INSTRUCTIONS TO FOLLOW:
In the entries below, find the line containing "22.00 - P90916-220446" and the line containing "Front splitter v.2". Copy those two lines and everything between them exactly, without the pictures.

PROVIDED MATERIAL:
▶
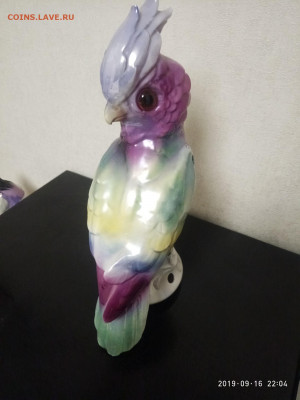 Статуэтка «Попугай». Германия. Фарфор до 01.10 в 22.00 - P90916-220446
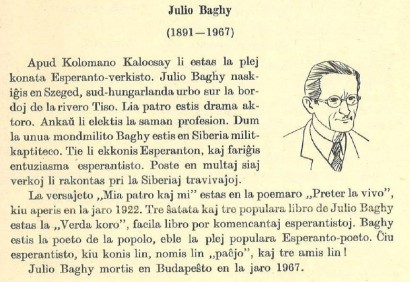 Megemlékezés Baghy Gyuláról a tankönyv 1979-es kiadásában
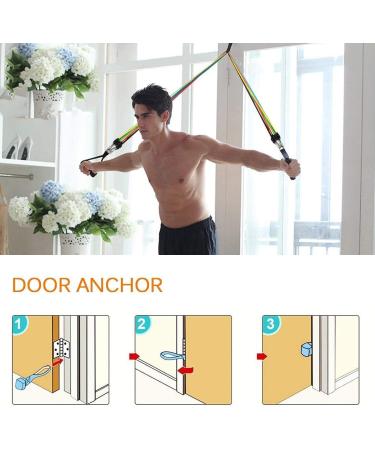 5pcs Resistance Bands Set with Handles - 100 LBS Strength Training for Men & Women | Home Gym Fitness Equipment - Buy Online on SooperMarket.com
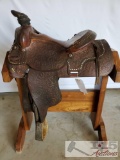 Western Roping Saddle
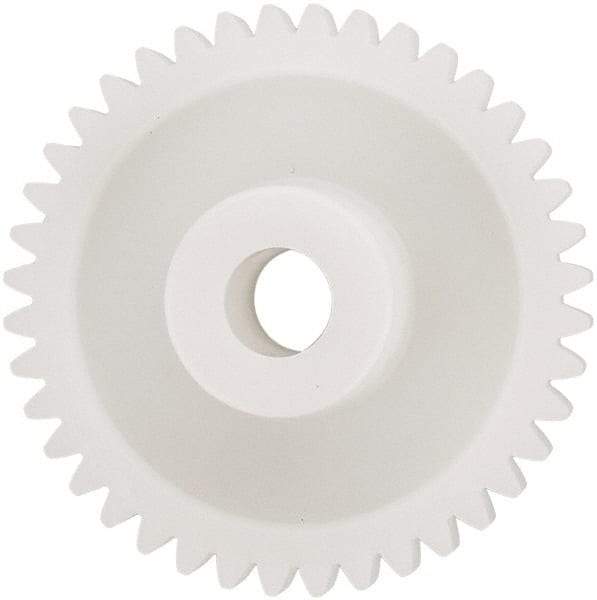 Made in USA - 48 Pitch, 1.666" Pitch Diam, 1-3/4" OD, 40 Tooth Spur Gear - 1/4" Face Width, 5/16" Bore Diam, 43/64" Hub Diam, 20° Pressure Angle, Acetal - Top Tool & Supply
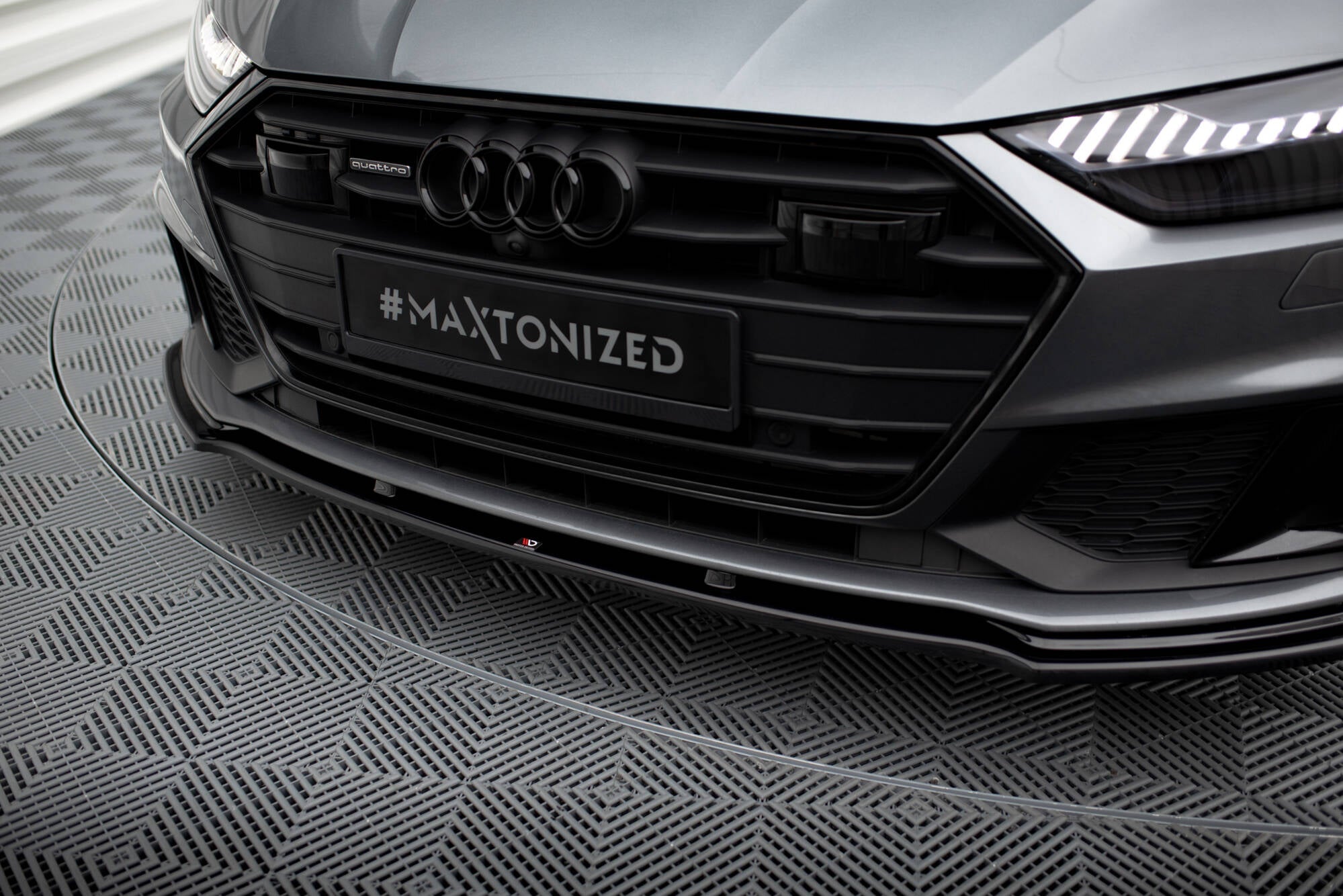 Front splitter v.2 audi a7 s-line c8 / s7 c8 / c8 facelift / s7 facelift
◀
▶
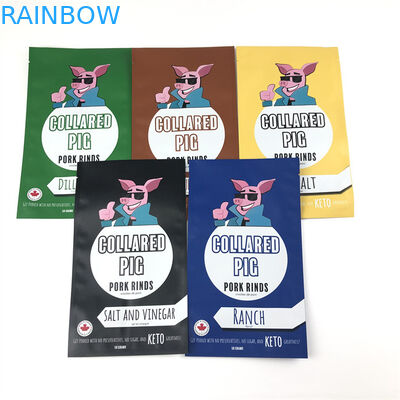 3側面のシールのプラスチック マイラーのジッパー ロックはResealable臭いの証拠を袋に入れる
◀
▶
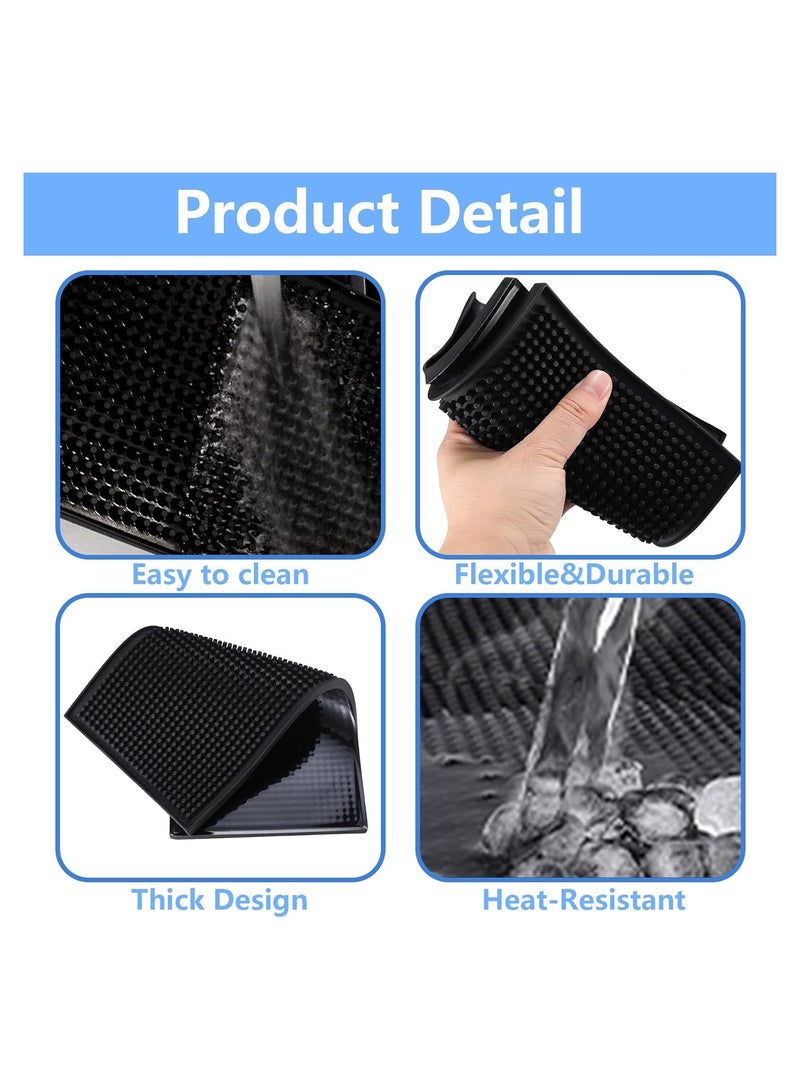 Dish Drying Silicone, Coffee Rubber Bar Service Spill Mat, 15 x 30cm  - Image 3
◀
OUTPUT OF THE TASK:
 Статуэтка «Попугай». Германия. Фарфор до 01.10 в 22.00 - P90916-220446
 Megemlékezés Baghy Gyuláról a tankönyv 1979-es kiadásában
 5pcs Resistance Bands Set with Handles - 100 LBS Strength Training for Men & Women | Home Gym Fitness Equipment - Buy Online on SooperMarket.com
 Western Roping Saddle
 Made in USA - 48 Pitch, 1.666" Pitch Diam, 1-3/4" OD, 40 Tooth Spur Gear - 1/4" Face Width, 5/16" Bore Diam, 43/64" Hub Diam, 20° Pressure Angle, Acetal - Top Tool & Supply
 Front splitter v.2 audi a7 s-line c8 / s7 c8 / c8 facelift / s7 facelift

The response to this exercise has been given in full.